## Directions for this task:
In your copy, leave out the pictures and output only the lines from the one holding "Ciabatta und Kirschtomaten" through the end of the data below, exactly.

## Recorded data:
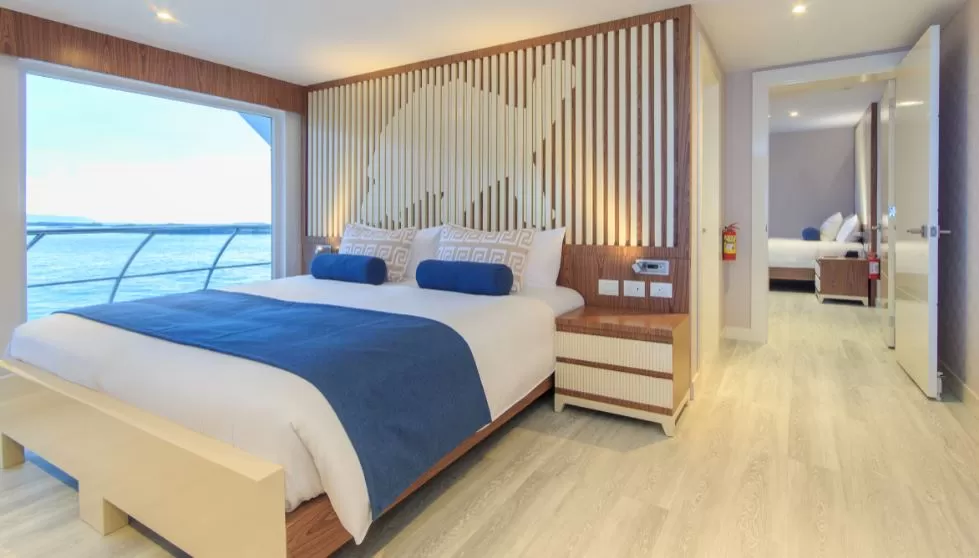 Elite Catamaran Galapagos Luxury Class Intercooection Suite 2 Elite Catamaran Luxury Class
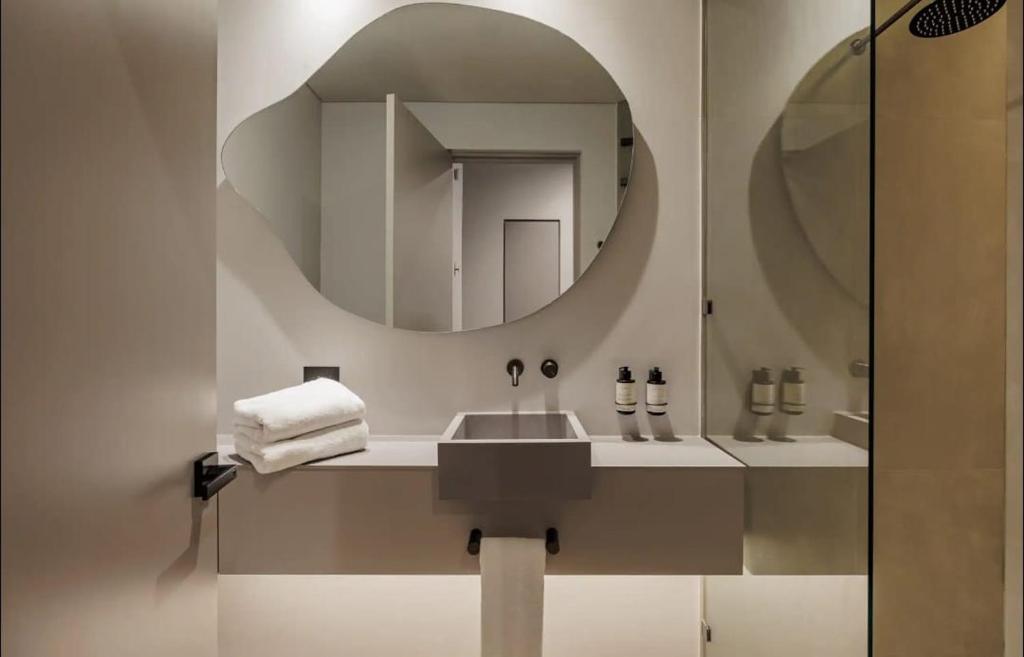 Penthouse con jacuzzi, amplio 5 habitaciones, poblado Medellin - 1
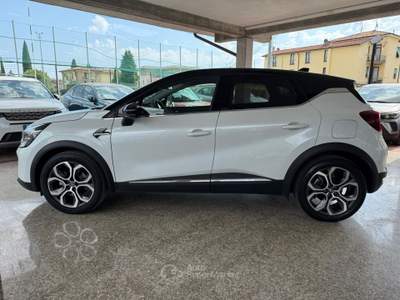 Renault Captur 1.6 PHEV E-TECH Intens 160CV Bianco usata Desenzano del Garda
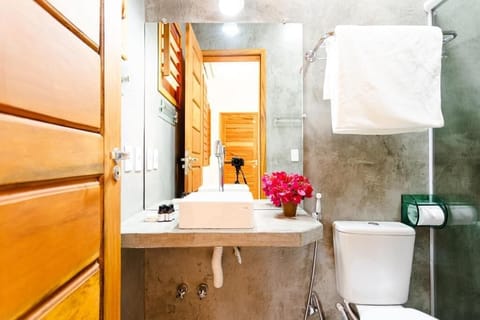 Comfort Suite | Bathroom | Shower, free toiletries, hair dryer, towels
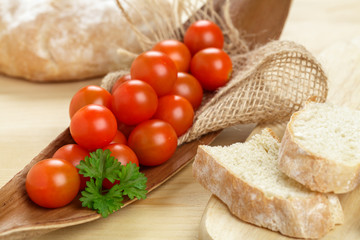 Ciabatta und Kirschtomaten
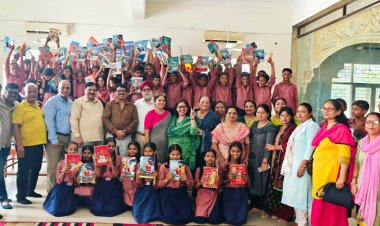 नोएडा पंजाबी एकता समिति ने की शिक्षण सामग्री वितरण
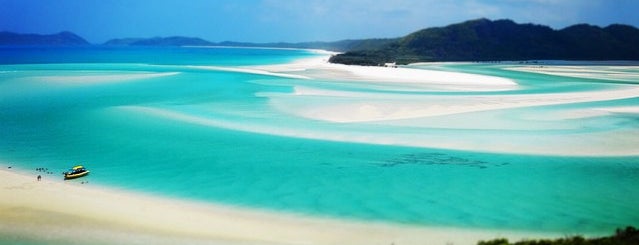 Whitehaven Beach is one of plages.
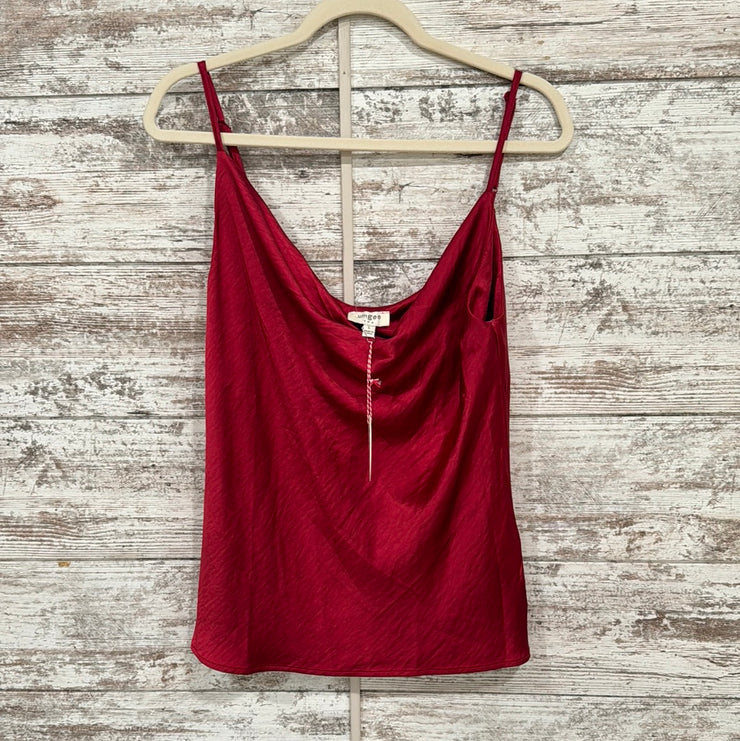 RED SLEEVELESS TOP (NEW)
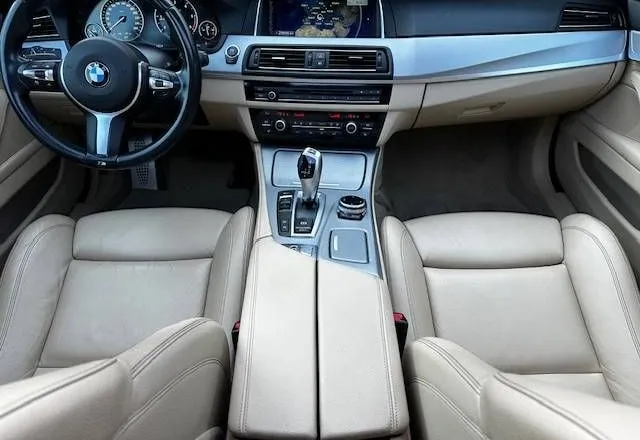 Zunanja slika - BMW serija 5: - 520D-XDRIVE-ŠIBEDAH-KAMERA-HEAD UP-USNJE-ACC-SLO - 2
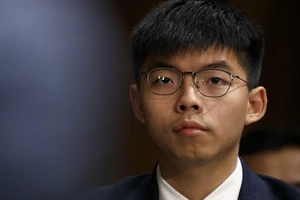 Hoàng Chi Phong bị cấm đi Anh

## Solution to this task:
 Ciabatta und Kirschtomaten
 नोएडा पंजाबी एकता समिति ने की शिक्षण सामग्री वितरण
 Whitehaven Beach is one of plages.
 RED SLEEVELESS TOP (NEW)
 Zunanja slika - BMW serija 5: - 520D-XDRIVE-ŠIBEDAH-KAMERA-HEAD UP-USNJE-ACC-SLO - 2
 Hoàng Chi Phong bị cấm đi Anh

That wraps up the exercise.